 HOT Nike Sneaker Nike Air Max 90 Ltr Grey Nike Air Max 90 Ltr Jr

※ ※ ※

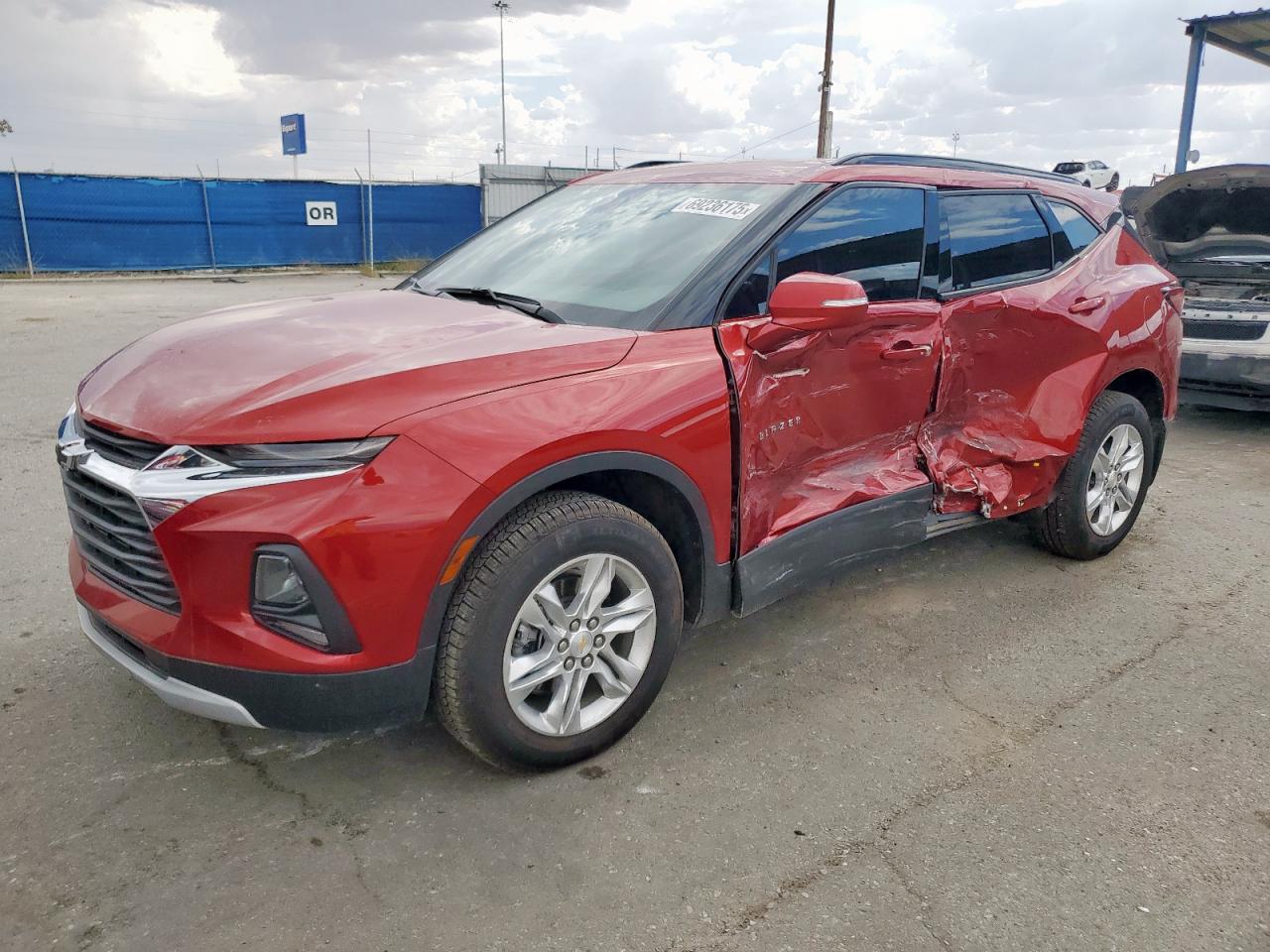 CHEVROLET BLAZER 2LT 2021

※ ※ ※

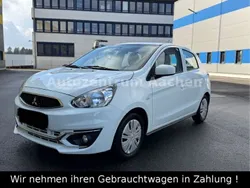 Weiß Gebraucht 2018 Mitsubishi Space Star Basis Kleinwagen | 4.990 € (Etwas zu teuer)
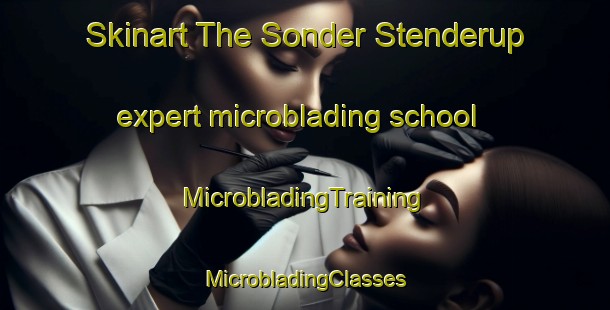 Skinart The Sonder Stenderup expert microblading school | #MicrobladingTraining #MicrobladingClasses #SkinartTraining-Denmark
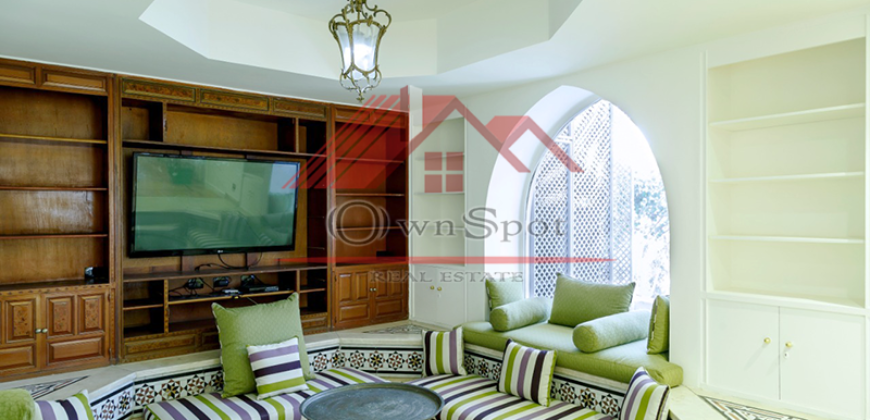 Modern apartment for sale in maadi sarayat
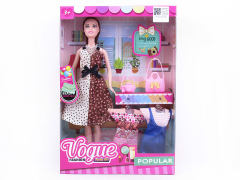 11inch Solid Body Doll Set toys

※ ※ ※

Give again, exactly as written above, each line from the one that has "Weiß Gebraucht 2018" to the one that has "11inch Solid Body Doll Set toys", both included; omit the pictures.

 Weiß Gebraucht 2018 Mitsubishi Space Star Basis Kleinwagen | 4.990 € (Etwas zu teuer)
 Skinart The Sonder Stenderup expert microblading school | #MicrobladingTraining #MicrobladingClasses #SkinartTraining-Denmark
 Modern apartment for sale in maadi sarayat
 11inch Solid Body Doll Set toys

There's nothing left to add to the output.